Here are some of the typical tasks and responsibilities of a Reliability Engineer:

  1. Analyze data and perform statistical modeling: Reliability Engineers analyze data related to equipment performance, failure rates, and maintenance history to identify trends and patterns. They use statistical modeling to predict future failures and plan maintenance activities accordingly.
  2. Develop and implement reliability strategies: Reliability Engineers develop and implement strategies to improve the reliability and availability of equipment and systems. This may include performing root cause analysis, implementing preventive maintenance programs, and conducting failure mode and effects analysis (FMEA).
  3. Collaborate with other teams: Reliability Engineers collaborate with other teams such as operations, maintenance, and engineering to identify and address reliability issues. They may also work with suppliers to ensure the reliability of equipment and materials.

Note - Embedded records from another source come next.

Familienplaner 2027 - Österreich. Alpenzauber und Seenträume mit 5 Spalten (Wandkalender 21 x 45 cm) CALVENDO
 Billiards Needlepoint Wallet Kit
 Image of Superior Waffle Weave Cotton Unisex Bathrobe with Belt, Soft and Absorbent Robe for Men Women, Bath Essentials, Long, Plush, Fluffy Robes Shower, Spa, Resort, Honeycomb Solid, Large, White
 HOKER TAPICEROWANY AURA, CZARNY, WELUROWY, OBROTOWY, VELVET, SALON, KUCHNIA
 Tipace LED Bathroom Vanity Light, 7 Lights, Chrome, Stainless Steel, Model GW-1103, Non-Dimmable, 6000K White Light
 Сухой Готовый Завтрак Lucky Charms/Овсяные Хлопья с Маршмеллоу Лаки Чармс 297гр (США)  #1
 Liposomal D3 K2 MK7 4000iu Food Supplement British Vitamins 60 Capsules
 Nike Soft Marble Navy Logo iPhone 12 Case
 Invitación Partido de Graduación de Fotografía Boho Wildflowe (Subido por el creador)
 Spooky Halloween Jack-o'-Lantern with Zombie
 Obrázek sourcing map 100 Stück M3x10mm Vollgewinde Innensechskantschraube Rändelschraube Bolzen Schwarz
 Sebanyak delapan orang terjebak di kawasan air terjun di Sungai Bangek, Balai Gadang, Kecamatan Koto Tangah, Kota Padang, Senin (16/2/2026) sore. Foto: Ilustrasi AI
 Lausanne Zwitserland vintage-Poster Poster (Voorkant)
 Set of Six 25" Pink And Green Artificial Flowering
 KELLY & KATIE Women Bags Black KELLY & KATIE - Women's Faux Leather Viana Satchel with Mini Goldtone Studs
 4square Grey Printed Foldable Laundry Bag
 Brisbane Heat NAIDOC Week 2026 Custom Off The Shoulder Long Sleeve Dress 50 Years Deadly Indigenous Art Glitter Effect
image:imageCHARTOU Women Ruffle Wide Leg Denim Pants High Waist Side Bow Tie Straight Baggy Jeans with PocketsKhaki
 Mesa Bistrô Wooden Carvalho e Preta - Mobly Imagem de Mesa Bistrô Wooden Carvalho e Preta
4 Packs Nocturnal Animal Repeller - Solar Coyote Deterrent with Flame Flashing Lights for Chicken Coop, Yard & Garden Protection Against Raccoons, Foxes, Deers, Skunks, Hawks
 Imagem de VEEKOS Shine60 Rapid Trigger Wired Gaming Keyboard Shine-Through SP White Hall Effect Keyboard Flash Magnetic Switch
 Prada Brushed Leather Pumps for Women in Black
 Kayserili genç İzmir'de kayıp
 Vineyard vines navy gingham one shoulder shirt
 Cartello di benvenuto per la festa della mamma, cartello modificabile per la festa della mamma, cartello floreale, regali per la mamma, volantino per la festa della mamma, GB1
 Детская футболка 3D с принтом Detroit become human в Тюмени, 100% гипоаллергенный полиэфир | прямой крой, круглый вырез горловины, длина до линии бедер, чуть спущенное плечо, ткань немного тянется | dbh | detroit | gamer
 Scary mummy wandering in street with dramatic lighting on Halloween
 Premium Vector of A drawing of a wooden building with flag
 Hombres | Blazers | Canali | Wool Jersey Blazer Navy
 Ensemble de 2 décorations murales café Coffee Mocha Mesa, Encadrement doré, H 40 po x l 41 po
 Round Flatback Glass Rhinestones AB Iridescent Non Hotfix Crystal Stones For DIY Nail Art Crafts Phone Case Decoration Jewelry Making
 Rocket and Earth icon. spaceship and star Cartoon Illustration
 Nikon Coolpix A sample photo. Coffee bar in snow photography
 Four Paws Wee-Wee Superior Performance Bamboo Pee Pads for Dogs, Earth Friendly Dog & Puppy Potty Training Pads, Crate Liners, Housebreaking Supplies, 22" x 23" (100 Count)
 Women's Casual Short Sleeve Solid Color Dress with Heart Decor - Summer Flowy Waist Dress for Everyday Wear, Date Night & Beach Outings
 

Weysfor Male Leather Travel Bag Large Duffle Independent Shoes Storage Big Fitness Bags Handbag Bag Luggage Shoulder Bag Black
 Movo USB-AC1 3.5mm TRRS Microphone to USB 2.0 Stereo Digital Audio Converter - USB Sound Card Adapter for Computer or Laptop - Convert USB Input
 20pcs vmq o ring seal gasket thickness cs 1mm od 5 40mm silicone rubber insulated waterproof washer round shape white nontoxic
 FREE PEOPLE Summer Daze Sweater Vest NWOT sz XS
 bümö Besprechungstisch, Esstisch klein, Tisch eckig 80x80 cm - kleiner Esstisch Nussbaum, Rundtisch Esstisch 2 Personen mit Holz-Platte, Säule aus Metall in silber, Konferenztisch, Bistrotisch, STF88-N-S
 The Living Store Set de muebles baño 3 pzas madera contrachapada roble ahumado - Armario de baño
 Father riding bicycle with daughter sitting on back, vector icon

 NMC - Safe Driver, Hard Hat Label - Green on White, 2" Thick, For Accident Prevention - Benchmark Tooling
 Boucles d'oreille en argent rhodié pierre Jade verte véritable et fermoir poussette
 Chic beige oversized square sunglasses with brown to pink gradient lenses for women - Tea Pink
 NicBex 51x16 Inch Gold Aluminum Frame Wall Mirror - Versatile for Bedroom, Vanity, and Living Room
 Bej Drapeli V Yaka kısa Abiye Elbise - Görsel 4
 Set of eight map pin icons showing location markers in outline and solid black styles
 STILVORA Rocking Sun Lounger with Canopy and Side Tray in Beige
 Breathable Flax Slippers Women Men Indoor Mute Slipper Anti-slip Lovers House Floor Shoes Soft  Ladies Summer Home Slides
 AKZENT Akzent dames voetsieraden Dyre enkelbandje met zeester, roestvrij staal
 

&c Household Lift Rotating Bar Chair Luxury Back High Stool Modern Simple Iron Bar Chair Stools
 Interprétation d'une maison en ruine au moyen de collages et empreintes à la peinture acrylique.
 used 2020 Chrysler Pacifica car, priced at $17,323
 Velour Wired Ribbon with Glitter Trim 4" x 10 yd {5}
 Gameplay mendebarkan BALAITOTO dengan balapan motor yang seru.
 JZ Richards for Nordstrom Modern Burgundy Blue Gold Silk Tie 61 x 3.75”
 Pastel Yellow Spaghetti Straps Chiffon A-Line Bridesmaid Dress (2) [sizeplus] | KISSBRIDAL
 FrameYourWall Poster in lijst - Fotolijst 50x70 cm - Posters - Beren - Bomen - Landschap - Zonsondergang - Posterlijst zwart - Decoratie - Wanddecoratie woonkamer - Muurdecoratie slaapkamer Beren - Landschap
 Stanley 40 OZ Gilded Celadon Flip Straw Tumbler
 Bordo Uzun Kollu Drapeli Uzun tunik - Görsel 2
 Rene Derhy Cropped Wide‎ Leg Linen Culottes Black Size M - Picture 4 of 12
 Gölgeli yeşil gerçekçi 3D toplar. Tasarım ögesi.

  4. Monitor and evaluate performance: Reliability Engineers monitor the performance of systems and equipment to identify areas for improvement. They use data to evaluate the effectiveness of reliability strategies and make adjustments as necessary.
  5. Provide technical support: Reliability Engineers provide technical support to other teams and stakeholders, answering questions and providing guidance on reliability-related issues.
  6. Continuously improve processes: Reliability Engineers are responsible for continuously improving reliability processes and methodologies. They stay up-to-date with the latest technologies and best practices in the field and identify opportunities for improvement.